■ **ACTIVITY**
Your task is to transcribe, word for word, the line containing "Ralph Lauren Lauren" and all lines that follow it to the end of the entries. Leave out the pictures.

===== DATA EXTRACT =====

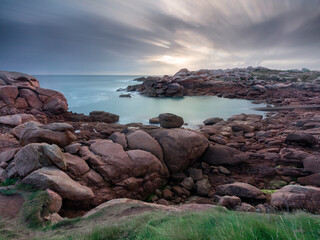 Sunrise long exposure over the coast in Brittany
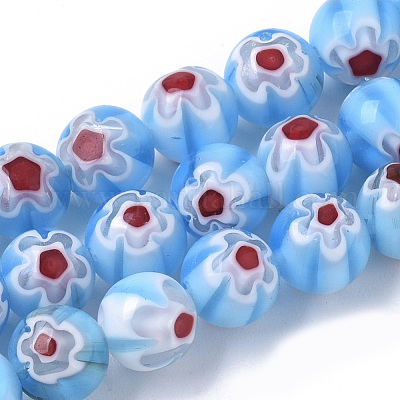 Handmade Millefiori Lampwork Beads Strands&nbsp;LAMP-R143-01E-1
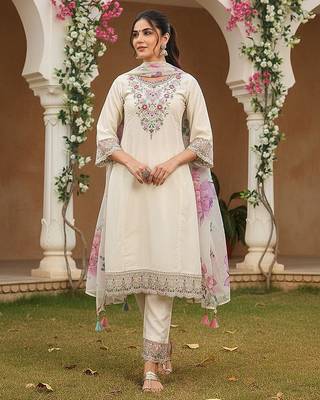 Off white solid silk blend embroidered fancy straight kurta trousers with dupatta 1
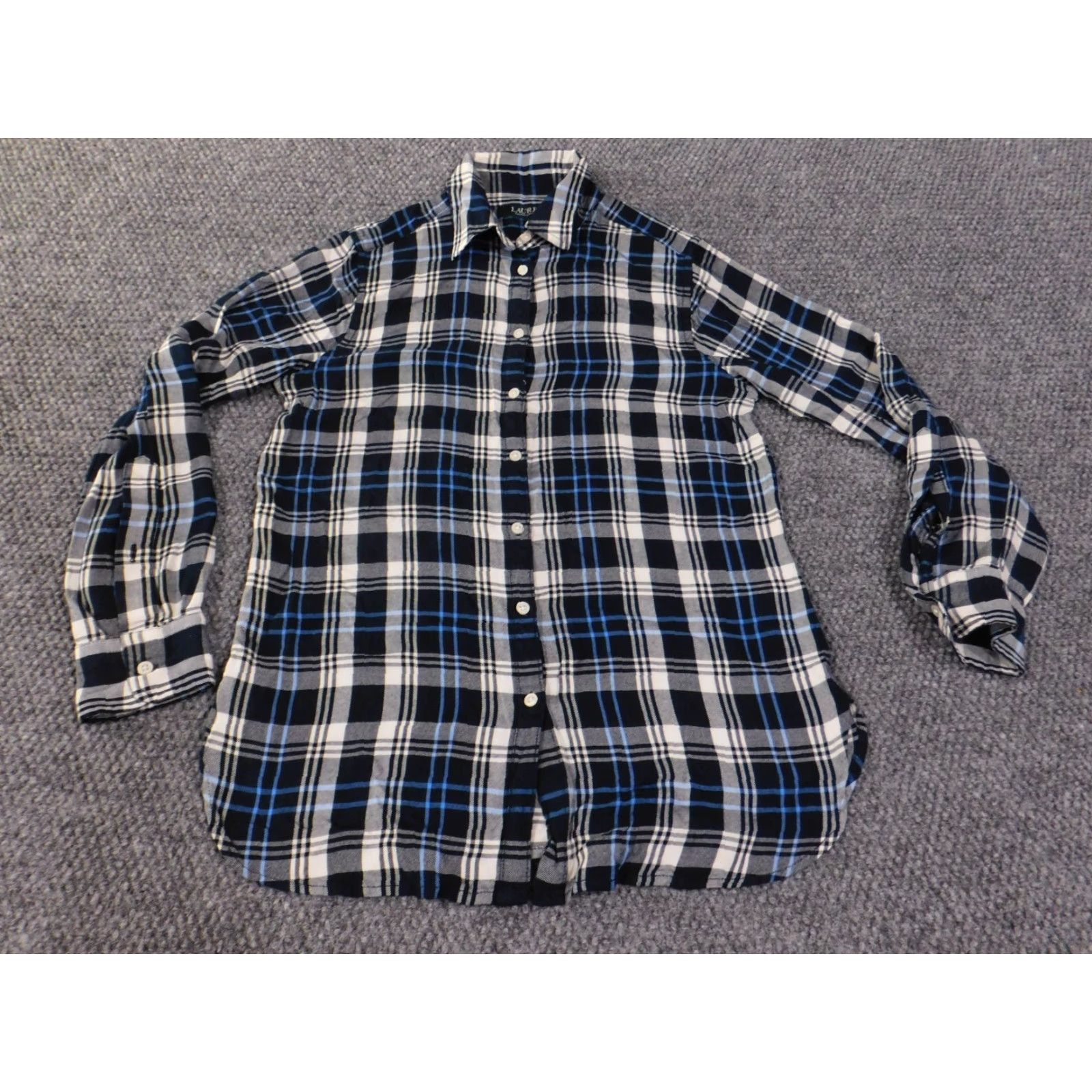 Ralph Lauren Lauren Ralph Lauren Button-Up Shirt Women's XS Blue Plaid Knit Stretch Collared Casual Regular Size XS / US 0-2 / IT 36-38 - 3 Thumbnail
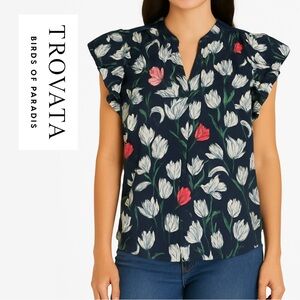 Trovata Clover Short Sleeve Blouse -  Navy Floral - XS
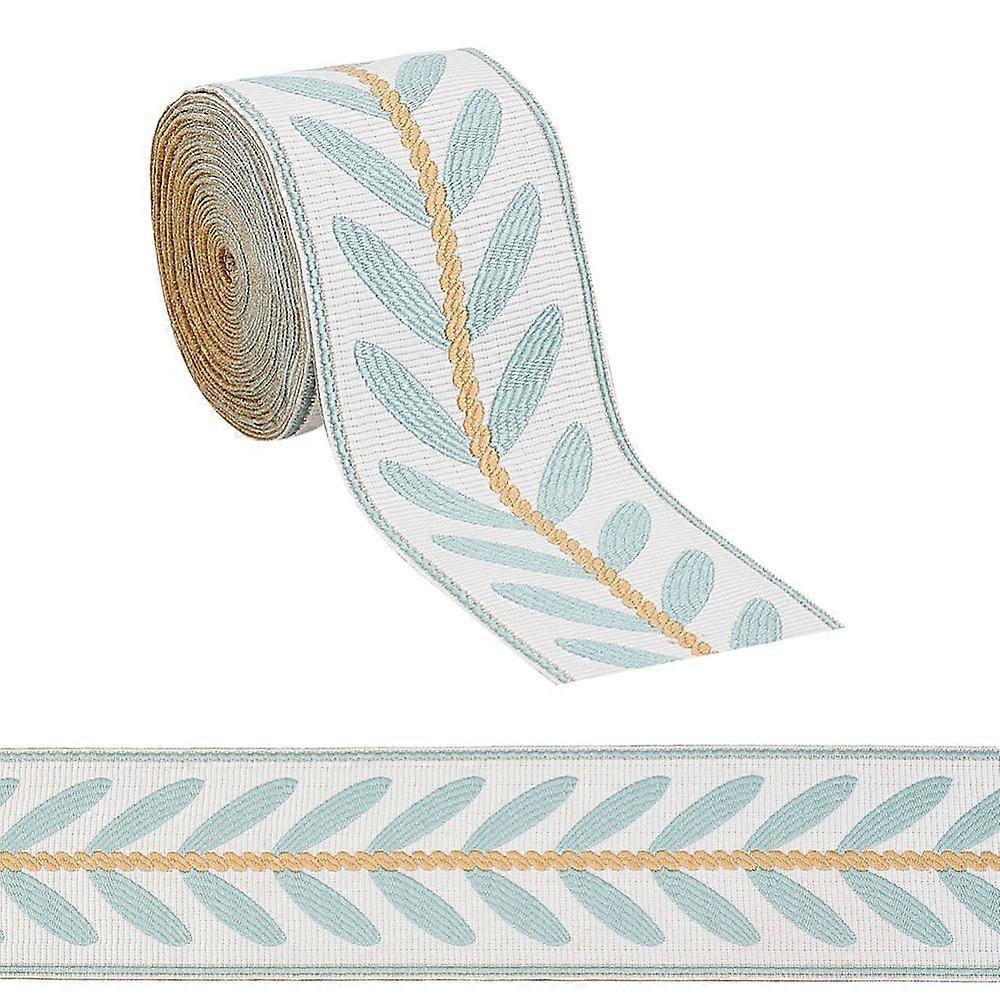 Polyester Jacquard Leaf Ribbon for Garment Accessories Aqua 2-3/4 inch(70mm)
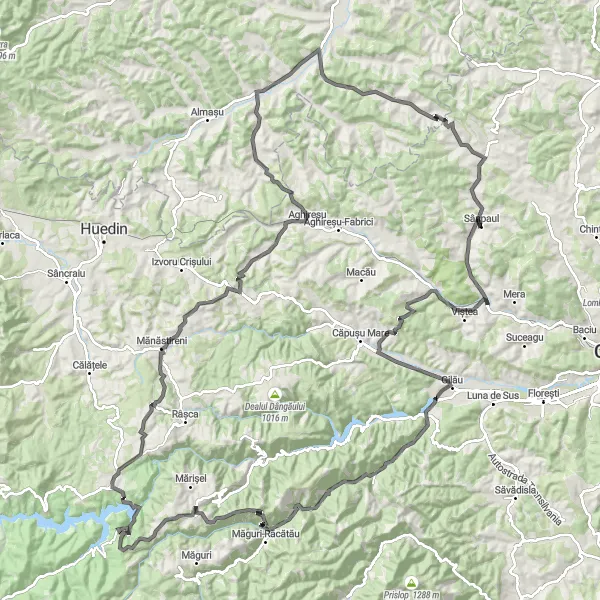 Map miniature of "The Ultimate Road Cycling Challenge: Conquer the Mountain Passes" cycling inspiration in Nord-Vest, Romania. Generated by Tarmacs.app cycling route planner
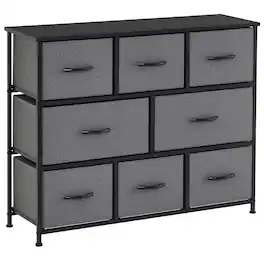 Homcom - 8-Drawer 3-Tier Dresser, Fabric Storage Tower Unit w/ Steel Frame - Gray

=====

■ **RESULT FOR THIS EXERCISE**
 Ralph Lauren Lauren Ralph Lauren Button-Up Shirt Women's XS Blue Plaid Knit Stretch Collared Casual Regular Size XS / US 0-2 / IT 36-38 - 3 Thumbnail
 Trovata Clover Short Sleeve Blouse -  Navy Floral - XS
 Polyester Jacquard Leaf Ribbon for Garment Accessories Aqua 2-3/4 inch(70mm)
 Map miniature of "The Ultimate Road Cycling Challenge: Conquer the Mountain Passes" cycling inspiration in Nord-Vest, Romania. Generated by Tarmacs.app cycling route planner
 Homcom - 8-Drawer 3-Tier Dresser, Fabric Storage Tower Unit w/ Steel Frame - Gray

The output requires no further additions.